[Start of Attachment]
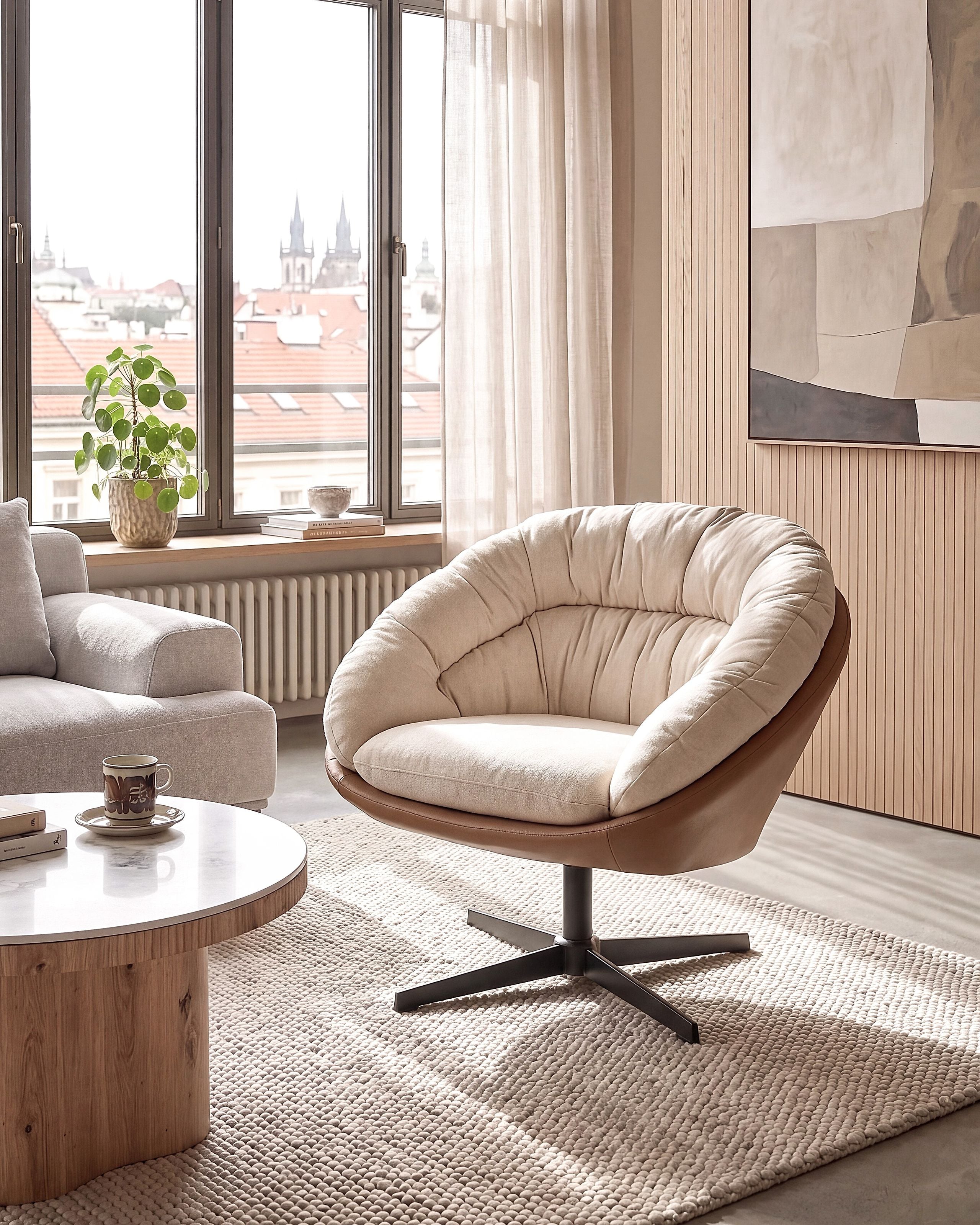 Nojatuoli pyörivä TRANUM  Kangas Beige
[End of Attachment]
[Start of Attachment]
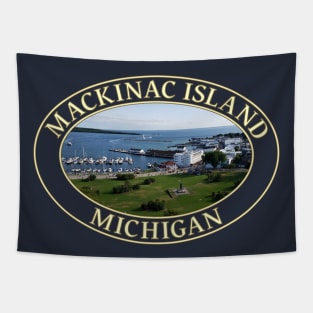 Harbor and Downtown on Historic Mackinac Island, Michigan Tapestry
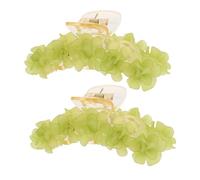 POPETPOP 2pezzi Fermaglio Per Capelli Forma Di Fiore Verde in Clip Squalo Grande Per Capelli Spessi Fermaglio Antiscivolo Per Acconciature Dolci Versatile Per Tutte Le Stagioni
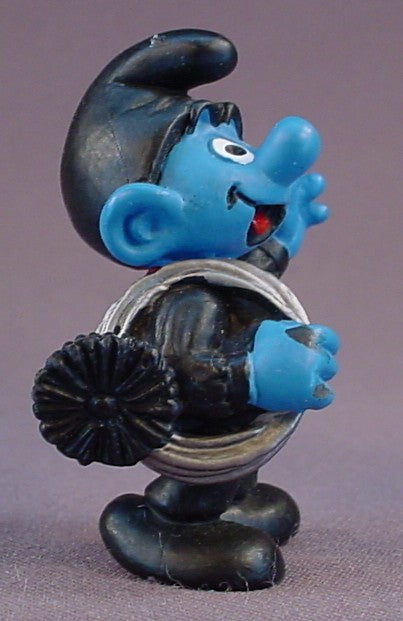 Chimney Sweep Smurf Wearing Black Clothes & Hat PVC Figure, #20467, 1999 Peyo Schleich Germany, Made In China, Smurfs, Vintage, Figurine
[End of Attachment]
▸ EXERCISE OBJECTIVE
Starting with the line that has "POPETPOP 2pezzi Fermaglio" and ending with the line that has "Chimney Sweep Smurf", repeat the lines above exactly, omitting every picture.

▸ REPLY
 POPETPOP 2pezzi Fermaglio Per Capelli Forma Di Fiore Verde in Clip Squalo Grande Per Capelli Spessi Fermaglio Antiscivolo Per Acconciature Dolci Versatile Per Tutte Le Stagioni
 Chimney Sweep Smurf Wearing Black Clothes & Hat PVC Figure, #20467, 1999 Peyo Schleich Germany, Made In China, Smurfs, Vintage, Figurine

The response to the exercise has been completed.